The Love Witch (dir. Anna Biller, 2016)

The Love Witch took Biller more than seven years to complete. Her third movie, as of the time of writing (February 2023), remains in development (though it has been turned into the above-mentioned novel). This is to be expected of a filmmaker as hands-on as she is: one critic describes her process as “insanely intricate and laborious […] She develops her scripts over many years, obsessing about the psychological reality of her characters. Then she sketches the elaborate sets and props and assembles them or makes them out of whole cloth (literally, in the case of drapes).” That’s… not getting done in an afternoon.

On the other hand, the lengthy development period meant that The Love Witch ended up being released three days after the (infamous) 2016 US election. Which gave its central themes a whole new level of significance.

Her films are like an explosion in a genre shop – in a good way

A Visit From The Incubus (dir. Anna Biller, 2001)

“Most people have by now forgotten that the ubiquitous concept of “glamour” was originally part of the vocabulary of witchcraft.”

Gustavo Turner, LA Weekly

Described by one critic as “Hitchcock-meets-Hammer,” The Love Witch references everything from Italian giallo films to Douglas Sirk’s lush colour-saturated melodramas to films noirs to pre-Hayes Code Hollywood movies such as Babyface (dir. Alfred E Green, 1933) in which women use their wiles to best the manliest of manly men and come out on top. That sounds like it shouldn’t work, but it really, really does. 

Her work returns time and again to the tension between beauty and good in classical Hollywood cinema. “How I long for those glamorous screen sirens today, looming in shimmering nitrate silver or Technicolor in hand-beaded gowns,” she writes in her blog. “I also long for their problems, for the way in which those problems are rooted in social reality, and for the seemingly universal concern that people had for their problems. Their sexuality was of a powerful and seething nature, and they were always fascinating.” 

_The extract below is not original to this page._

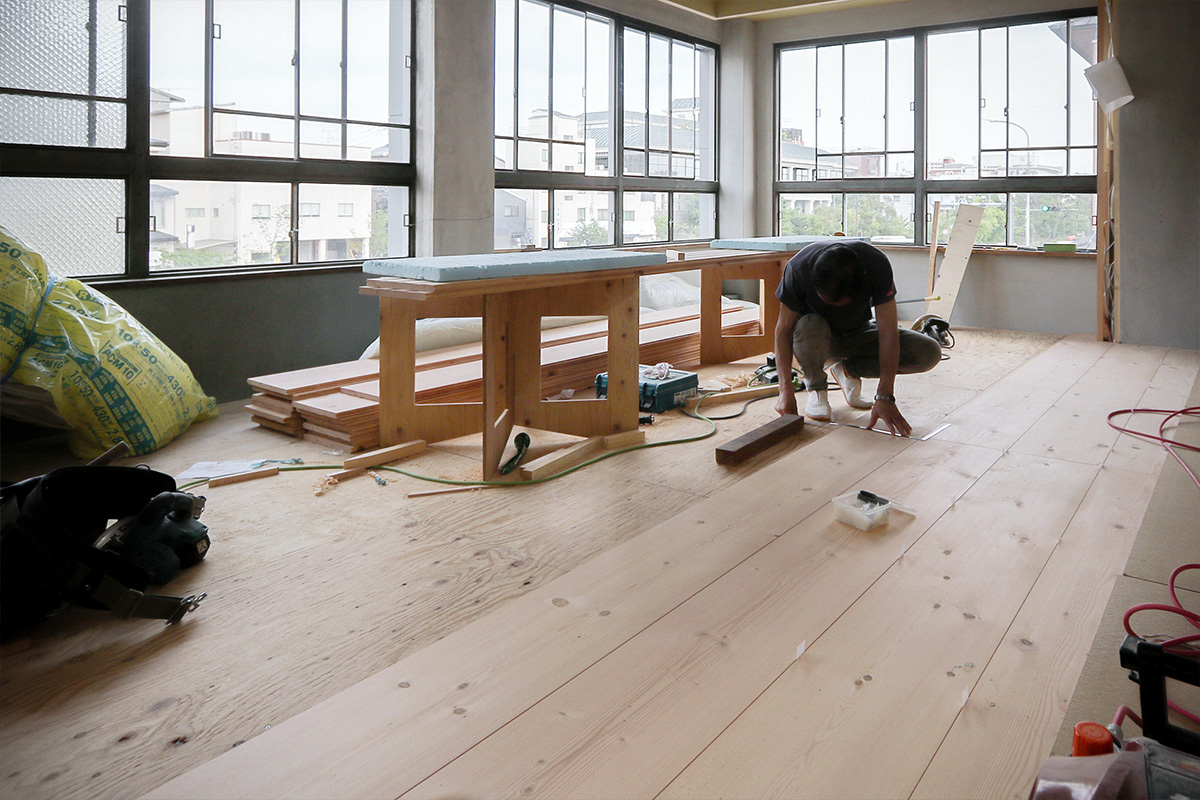 京都のオフィス拡張リノベーション中の床施工の様子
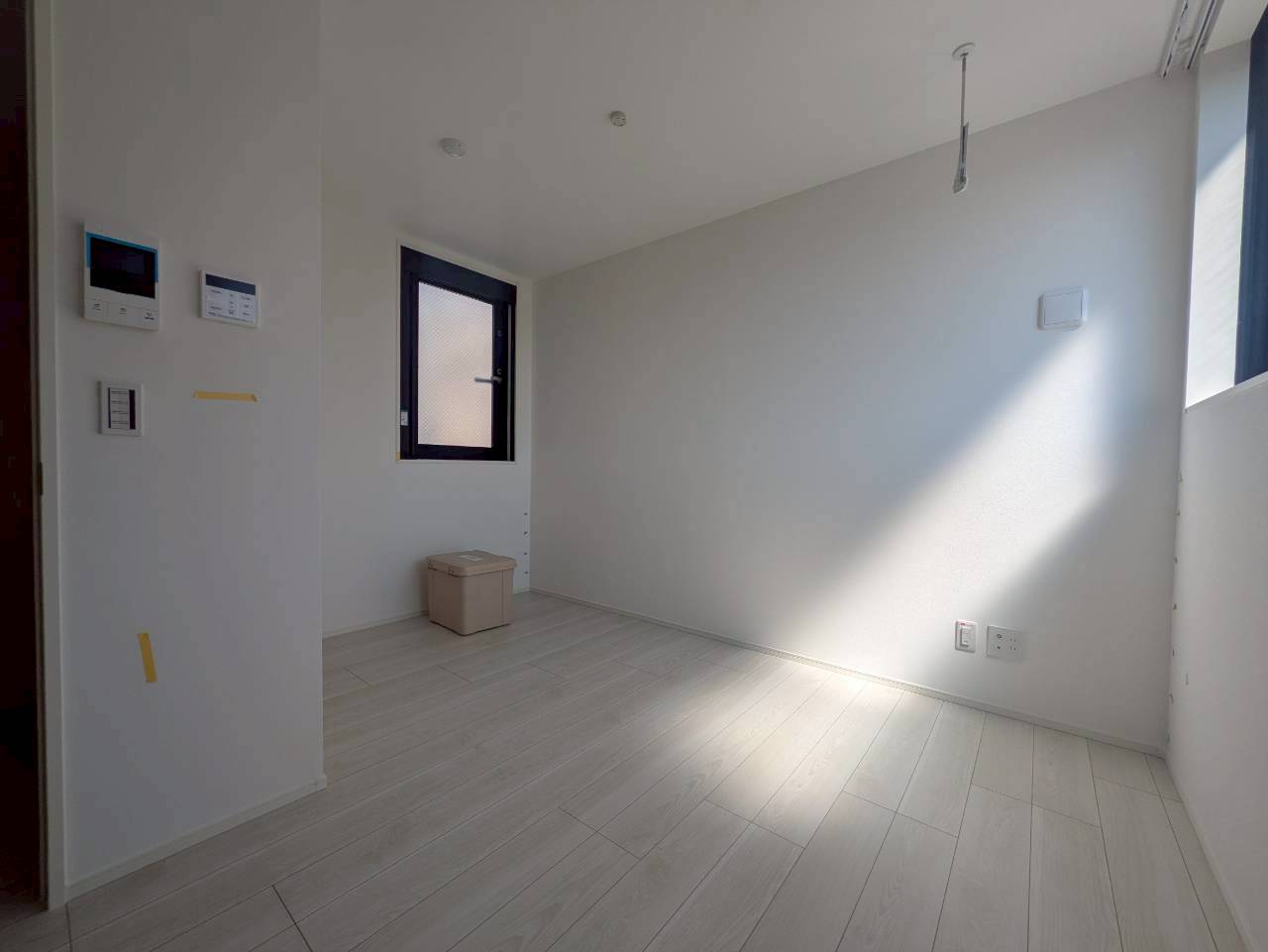 居室・リビング　建築中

The Love Witch’s Elaine is perhaps the apotheosis of this desire to unite the “complex picture of women’s psychological needs and fears,” she identifies in 1940s and 1950s melodramas. Dressed immaculately in perfectly cut clothes designed to emulate the elegance of that earlier age, with 1960s blue eyeshadow, 1970s glossy hair, and blood red nails, Elaine is classical Hollywood glamour made flesh. And yet by actively working to seduce the men whose love she so desperately craves – and by resorting to murder when they break her heart – she defies that double standard dictating that these silver-screen goddesses must be “powerfully sexy [but also] virtuous.”

Feminist film theory underpins her work

Viva (dir. Anna Biller, 2007)

“Years ago when I was first starting out as a filmmaker, I became interested in trying to create a cinema based on visual pleasure for women.”

Anna Biller

Both of Biller’s feature-length movies to date – Viva (2007) and The Love Witch (2016) – both revolve around female sexuality and fantasy and the differing expectations of women and men when it comes to intimacy, love and connection. Laura Mulvey’s theory of the male gaze is present throughout her work as both Barbi (Viva) and Elaine (The Love Witch) present their faces, their beauty and their bodies for the camera – often in the stereotypically static pose developed by male gaze-oriented cinema the better to allow for their voyeuristic consumption – and yet push back, sometimes violently, against submission, compromise or anything other than love and sexual expression on their own terms. 

Biller frequently references the problematic gender expectations of earlier Hollywood genres and movements through the visual style of her movies, which consciously emulate the aesthetics of golden-age Hollywood or the sexualised thrillers and horror of the 1950s, 1960s and 1970s. “My specific concerns,” she writes, “are with the lived day-to-day experience of the female. Years ago when I was first starting out as a filmmaker, I became interested in trying to create a cinema based on visual pleasure for women.”

In a mainstream cinema still defined by its obsession with the male gaze, that’s about as anarchic as it gets.